Conflict Prevention & Resolution

Trralphium believes that the best approach to handling a conflict is through prevention.We work with our clients to structure relationships that are clearly defined at the outset to ensure that conflicts are less likely to arise.  However, regardless of how much effort is put in to a relationship conflicts do often arise.  We have expertise in handling conflict, whether it be between a business partner or with a government client.

What happens when conflict can’t be avoided?  Tralphium is experienced in handling a multitude of conflict approaches.  Simply choosing your own style doesn’t necessarily mean that your adversary will also adhere to the same style.  Our professionals work with your team to reach a common approach that produces desired outcomes.  Nothing could be more practical and so often anticipated at the outset of any business relationship, yet when conflicts arise its possible that you may face a different approach to conflict resolutions.

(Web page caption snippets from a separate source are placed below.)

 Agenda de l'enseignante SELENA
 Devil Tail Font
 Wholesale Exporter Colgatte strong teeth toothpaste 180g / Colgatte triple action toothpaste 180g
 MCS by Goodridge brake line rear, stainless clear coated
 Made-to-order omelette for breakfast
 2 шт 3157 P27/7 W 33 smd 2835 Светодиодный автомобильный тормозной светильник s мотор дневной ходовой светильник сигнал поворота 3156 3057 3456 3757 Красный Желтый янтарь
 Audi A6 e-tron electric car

Tralphium recommends a cooperative conflict resolution style above all others.  Characterized by an active concern for both pro-social and pro-self behavior, cooperation conflict style is typically used when an individual has elevated interests in their own outcomes as well as in the outcomes of others. During conflict, cooperators collaborate with others in an effort to find an amicable solution that satisfies all parties involved in the conflict. Individuals with this type of conflict style tend to be highly assertive and highly empathetic at the same time. By seeing conflict as a creative opportunity, collaborators willingly invest time and resources into finding a “win-win” solution. 

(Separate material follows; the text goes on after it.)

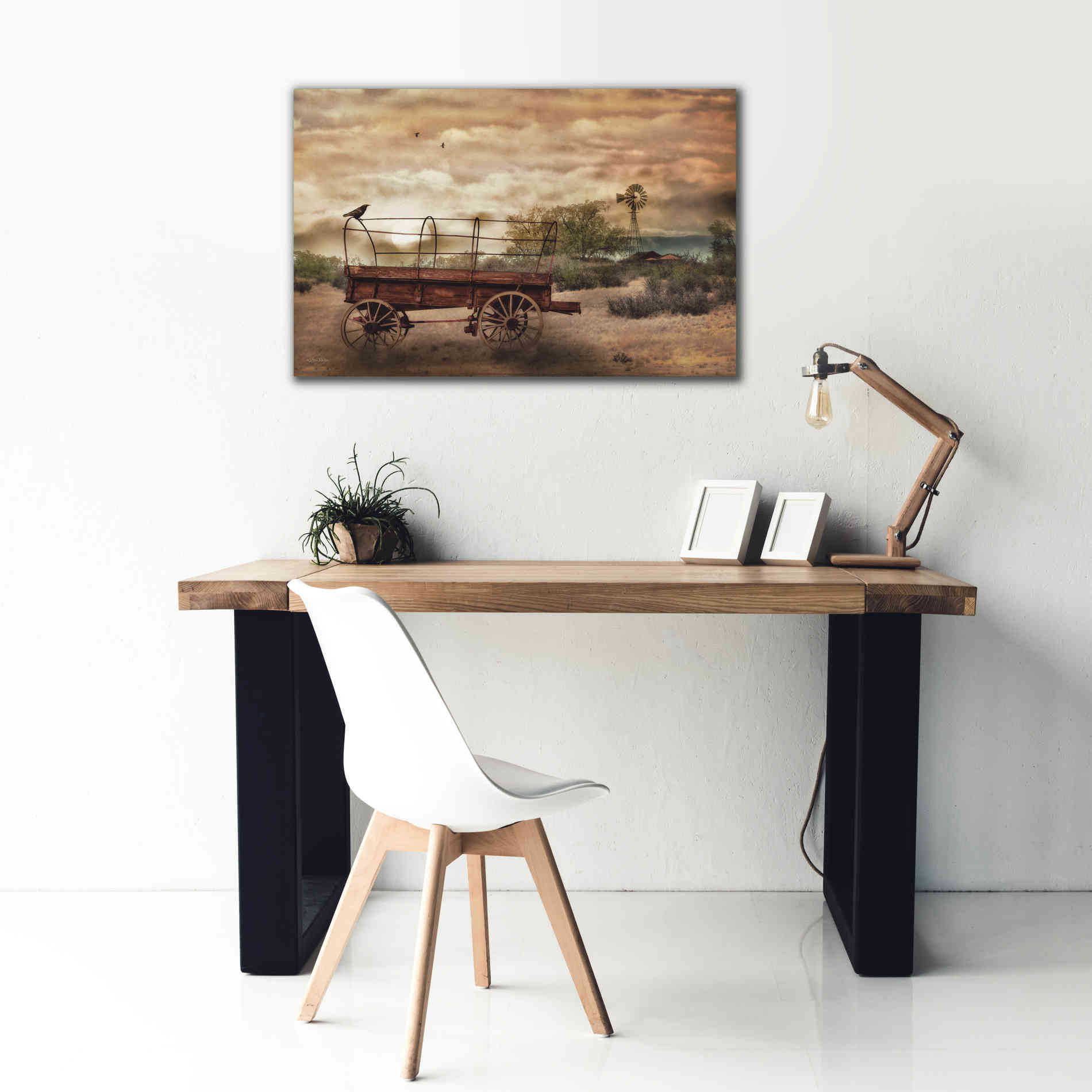'Desert Wagon' by Lori Deiter, Canvas Wall Art,40 x 26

Sometimes, resolution requires a blended approach.  Conciliation or “compromising” conflict style is typical of individuals who possess an intermediate-level of concern for both personal and others’ outcomes. Compromisers value fairness and, in doing so, anticipate mutual give-and-take interactions. By accepting some demands put forth by others, compromisers believe this agreeableness will encourage others to meet half-way, thus promoting conflict resolution. This conflict style can be considered an extension of both “accommodating” and “cooperative” strategies.

In contrast, some use yielding or “accommodating” conflict styles which are characterized by a high concern for others while having a low concern for one’s own self. This passive pro-social approach emerges when individuals derive personal satisfaction from meeting the needs of others and have a general concern for maintaining stable, positive social relationships. When faced with conflict, individuals with a yielding conflict style tend to give into others’ demands out of respect for the social relationship (e.g., to maintain group unity) because they believe being “agreeable may be more important than winning.”

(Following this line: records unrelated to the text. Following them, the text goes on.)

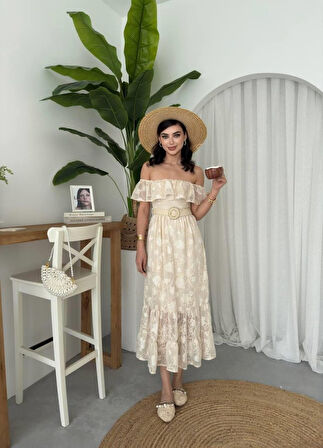 Reget Kemerli Elbise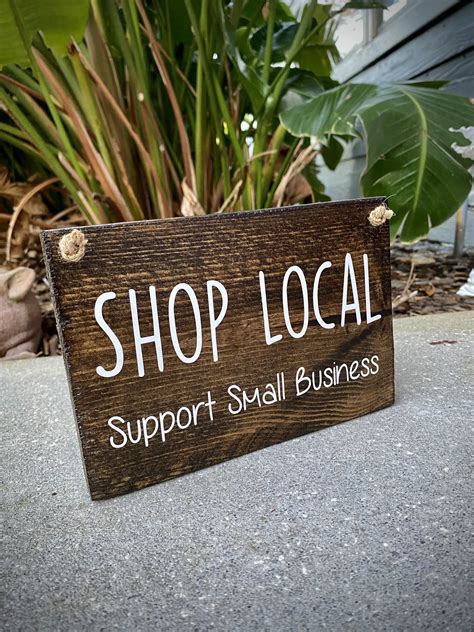 Shop Local Sign Small Business Sign Shop Small Sign | Etsy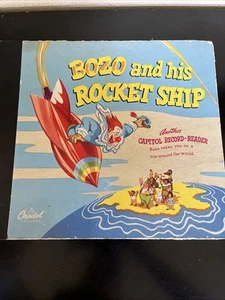 Capitol Records Vintage 1947 Bozo and his Rocket Ship Record Book Only (T) - Picture 1 of 12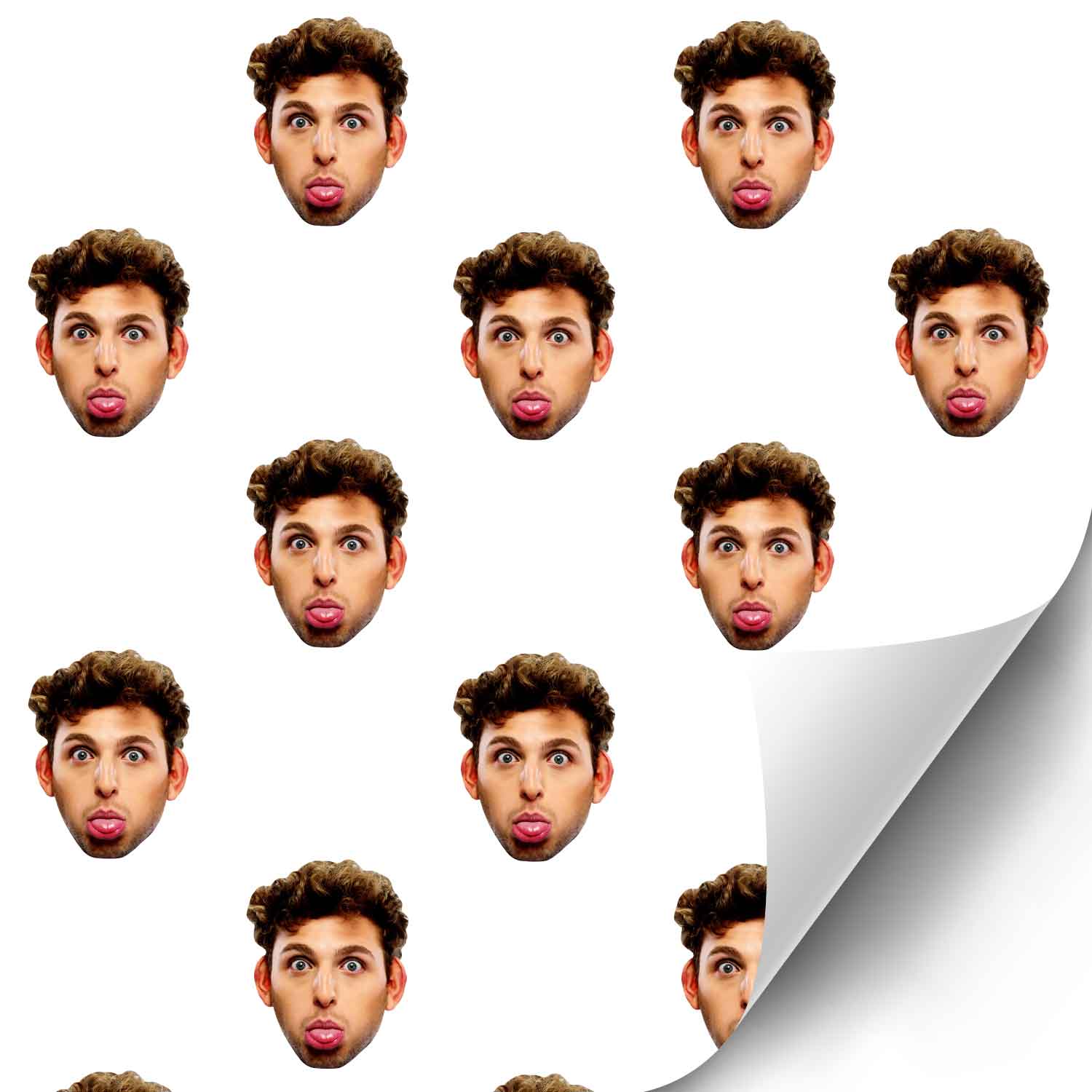 Your Face Pattern Personalised Wrapping Paper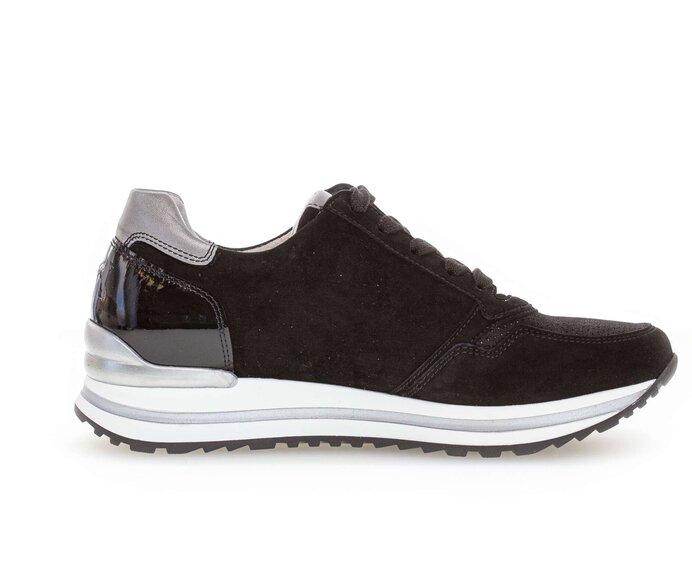 Gabor Sneaker Low Schwarz - Materialmix Leder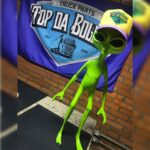 Boneco Alienígena da Rodagem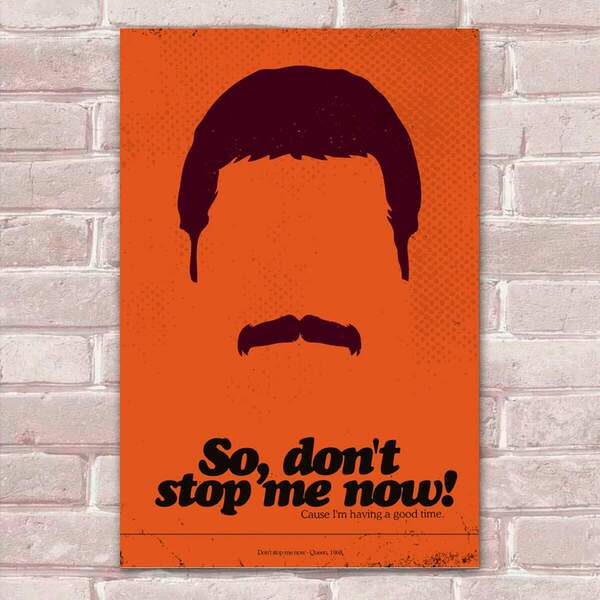 Placa Decorativa Pop Art 61 Freddie Mercury Mdf 30x45cm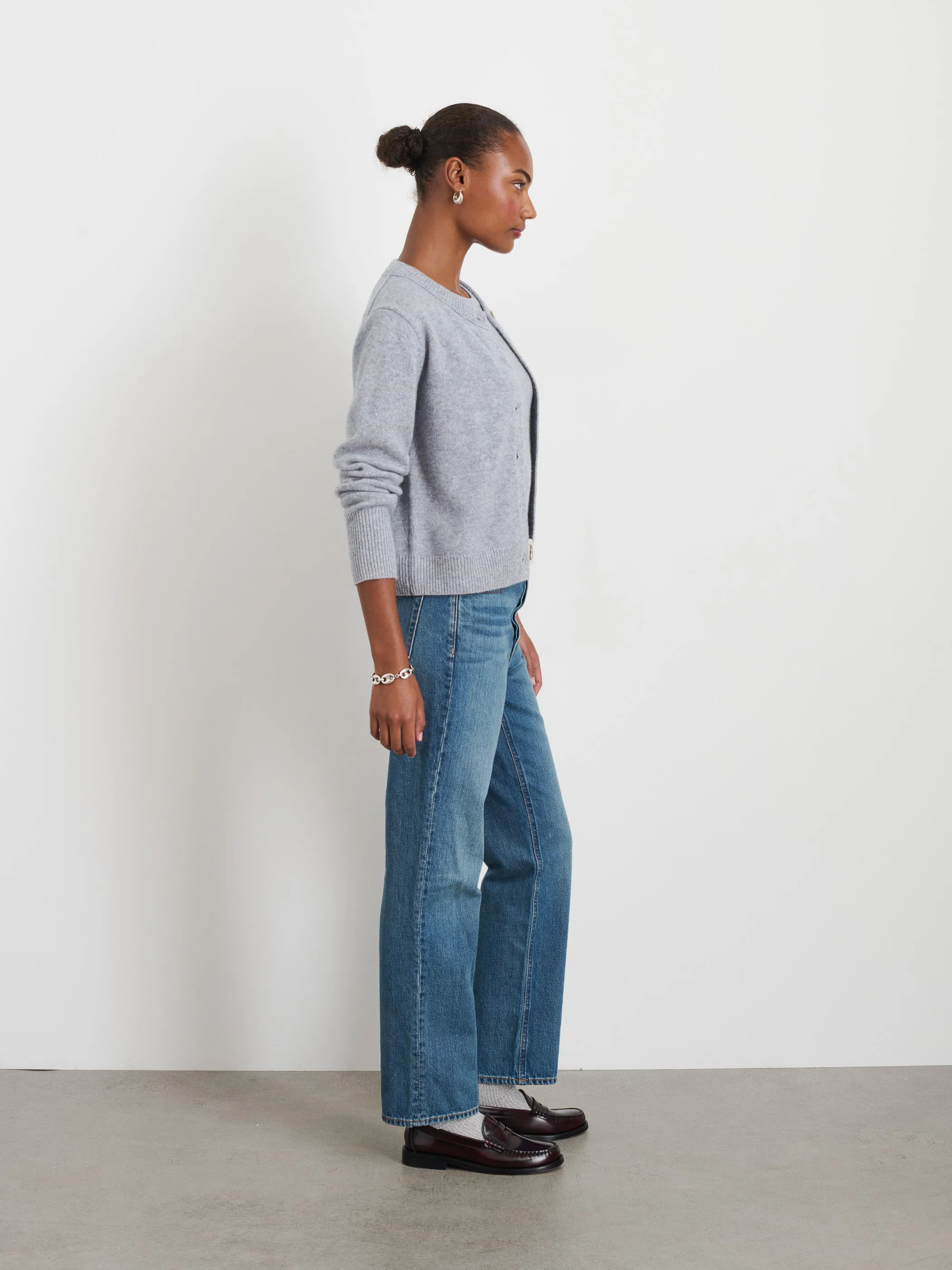 Lucie Cardigan in Cashmere sold by Alex Mill product image thumbnail 3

Some organizations choose to be competitive.  This can be both frustrating and emotional as the group tries to reach resolution.  Groups consisting of competitive members generally enjoy seeking domination over others, and typically see conflict as a “win or lose” predicament. Fighters tend to force others to accept their personal views by employing competitive, power tactics (e.g., argue; insult; accuse; violence) that foster feelings of intimidation.  Tralphium believes this approach to be the least productive, so responding to this style requires a counter balanced approach to promote cooperation.

Some choose simply to let issues go unaddressed.  We view this as a great risk to any initiative and relationship.  Characterized by inaction and passivity, avoidance conflict style is typically used when an individual has reduced concern for their own outcomes as well as the outcomes of others. During conflict, these avoiders adopt a “wait and see” attitude, often allowing conflict to phase out on its own without any personal involvement. Unfortunately, by neglecting to address high-conflict situations, avoiders risk allowing problems to fester out of control.